AVAILABLE DATA below:

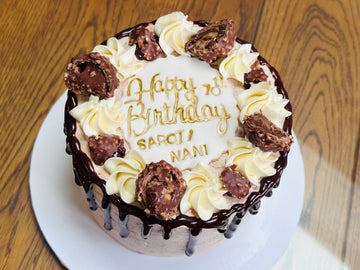 Eggless Ferrero Rocher Cake: Experience the Ultimate Chocolate Hazelnut Indulgence with : A Decadent Delight for Your Taste Buds!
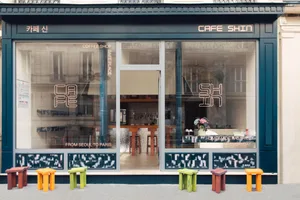Front facade of a modern coffee shop featuring glass windows and a metal-framed entrance.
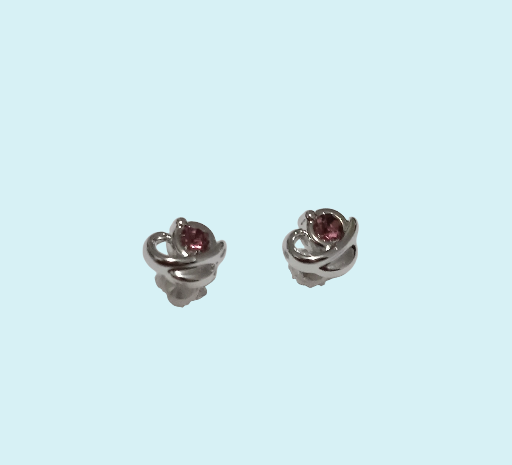 Boucles d’oreilles argentées et pierre rose en plastique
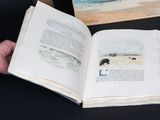 a person holding an open book with a picture on it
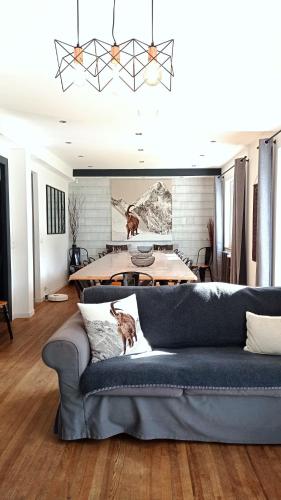 a living room with a blue couch and a table at Sublime Chalet 14 Pers Spa Extrieur in Cauterets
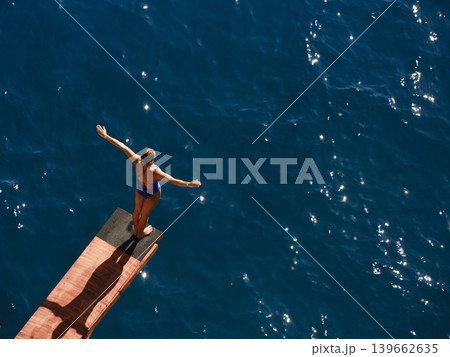 a female professional swimmer about to dive into the sea a female professional swimmer about to dive into the sea 139662635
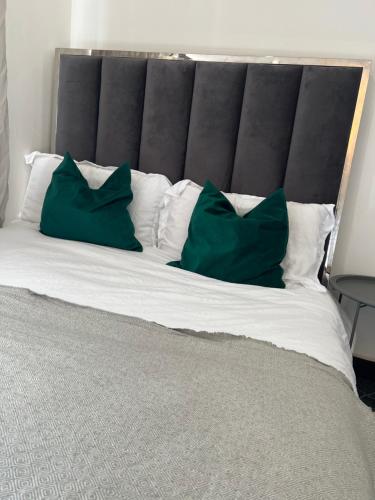 博勒姆伍德Borehamwood stay的一张大床,上面有两个绿色枕头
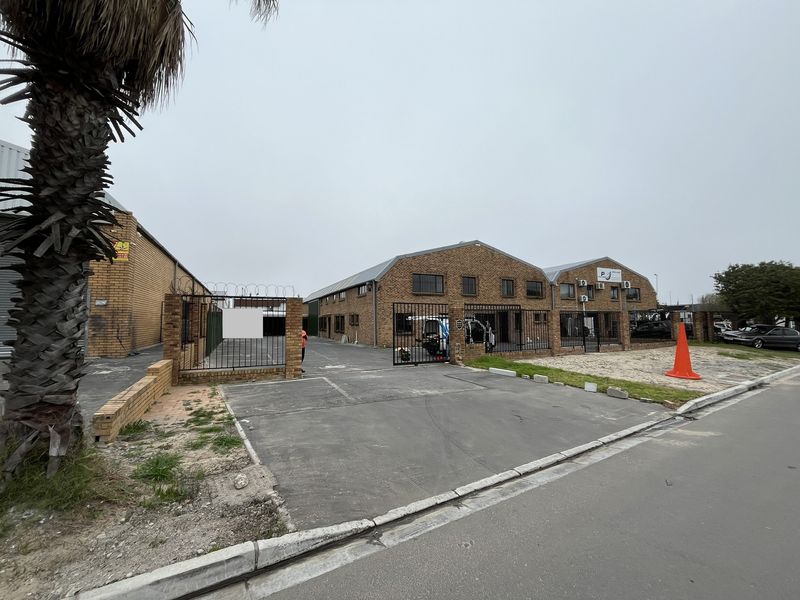Front exterior view of an industrial property featuring brick construction, secure gated access, paved driveway, and wall-mounted air conditioning units.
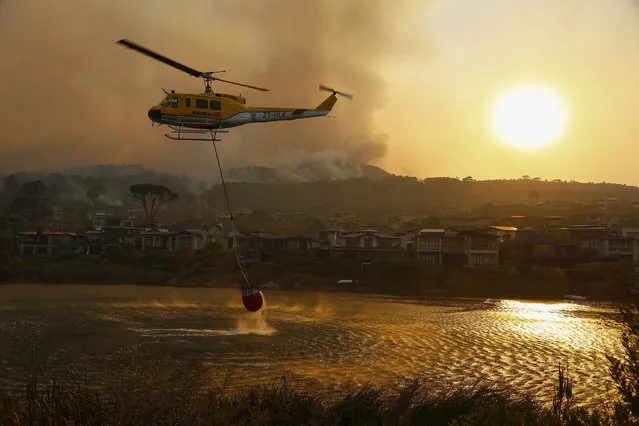 Firefighting helicopters battle a vegetation fire fanned by gale force winds raging in the Helderberg mountains around Somerset West, South Africa, 04 January 2017. Over 120 firefighters, three helicopters and a water bombing aircraft have been battling the fire, fanned by winds, around in the Somerset West and Stellenbosch areas. The fire broke out early 03 January, several properties in the area have been evacuated. The cause of the fire is yet unknown. (Photo by Nic Bothma/EPA)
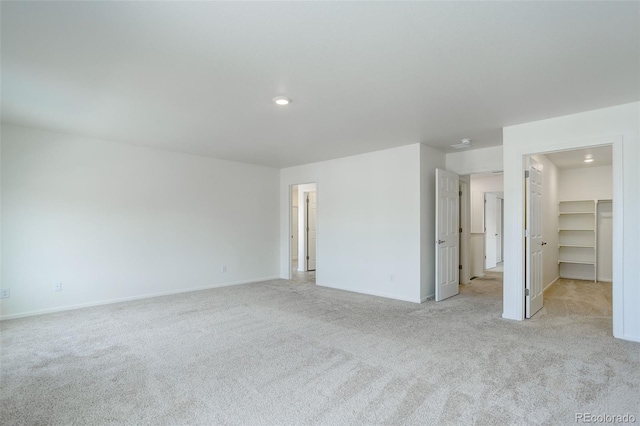 empty room with baseboards and light carpet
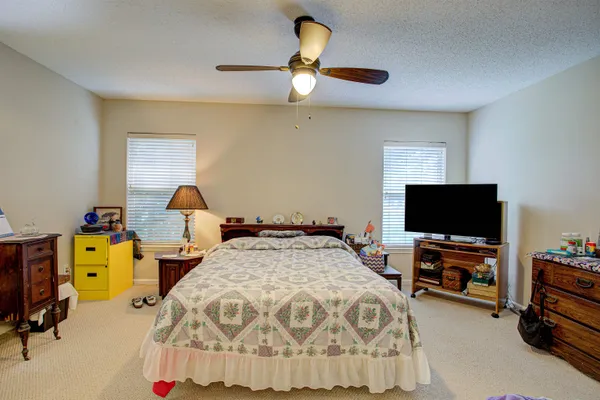 a bedroom with a bed and a flat tv screen on the dresser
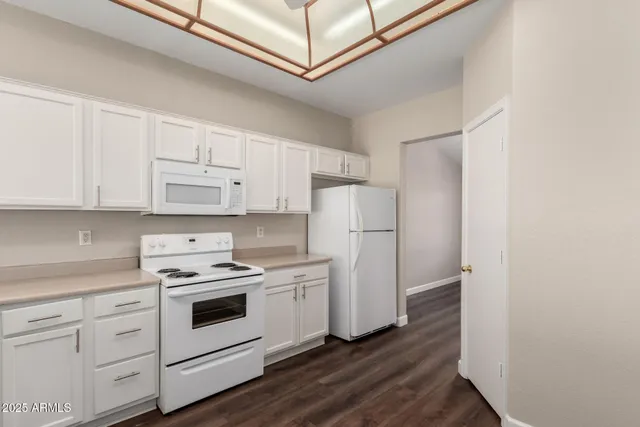 a kitchen with cabinets appliances wooden floor and view living room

End of AVAILABLE DATA.

EXERCISE AIM>
Every line above should be reproduced exactly, please, with no pictures included.

FINISHED EXERCISE>
 Eggless Ferrero Rocher Cake: Experience the Ultimate Chocolate Hazelnut Indulgence with : A Decadent Delight for Your Taste Buds!
Front facade of a modern coffee shop featuring glass windows and a metal-framed entrance.
 Boucles d’oreilles argentées et pierre rose en plastique
 a person holding an open book with a picture on it
 a living room with a blue couch and a table at Sublime Chalet 14 Pers Spa Extrieur in Cauterets
 a female professional swimmer about to dive into the sea a female professional swimmer about to dive into the sea 139662635
 博勒姆伍德Borehamwood stay的一张大床,上面有两个绿色枕头
Front exterior view of an industrial property featuring brick construction, secure gated access, paved driveway, and wall-mounted air conditioning units.
 Firefighting helicopters battle a vegetation fire fanned by gale force winds raging in the Helderberg mountains around Somerset West, South Africa, 04 January 2017. Over 120 firefighters, three helicopters and a water bombing aircraft have been battling the fire, fanned by winds, around in the Somerset West and Stellenbosch areas. The fire broke out early 03 January, several properties in the area have been evacuated. The cause of the fire is yet unknown. (Photo by Nic Bothma/EPA)
 empty room with baseboards and light carpet
 a bedroom with a bed and a flat tv screen on the dresser
 a kitchen with cabinets appliances wooden floor and view living room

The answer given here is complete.